═════ Material for the task ═════
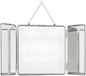 30 * 60cm Modern Tri-Fold Glass Mirror with Chain, Foldable Vanity Makeup Mirrors, Home Wall-Mounted Bathroom Mirror with Metal Frame for to See Back of Head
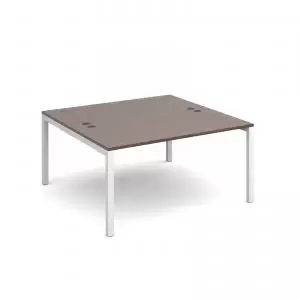 image of Connex back to back desks 1400mm x 1600mm - white frame and walnut top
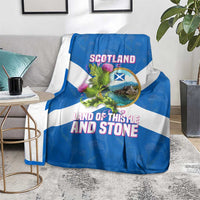 Scotland Blanket with Blue Saltire Flag with Thistle Flowers Highland Landscape and Land of Thistle and Stone - Wonder Print Shop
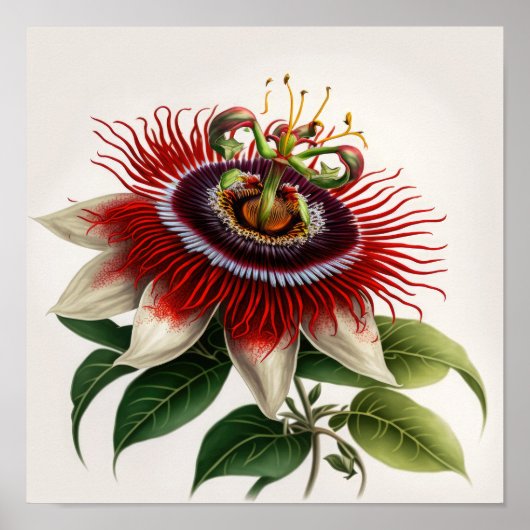 Red Passion Flower Art Print Poster (Voorkant)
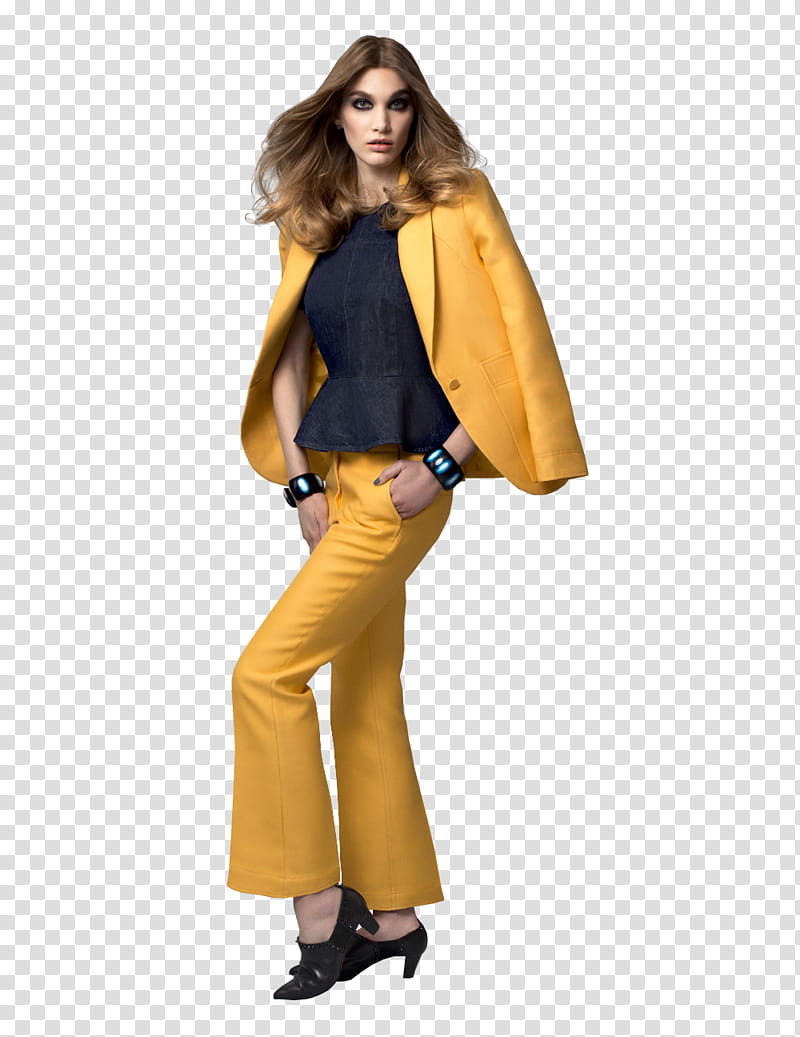 Syl  Watchers , woman wearing yellow coat with matching pants transparent background PNG clipart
═════
▸ What is being asked
Find the line with "image of Connex". Reproduce it and every line after it through the last line above exactly, leaving out the pictures.

▸ The answer
 image of Connex back to back desks 1400mm x 1600mm - white frame and walnut top
 Scotland Blanket with Blue Saltire Flag with Thistle Flowers Highland Landscape and Land of Thistle and Stone - Wonder Print Shop
 Red Passion Flower Art Print Poster (Voorkant)
 Syl  Watchers , woman wearing yellow coat with matching pants transparent background PNG clipart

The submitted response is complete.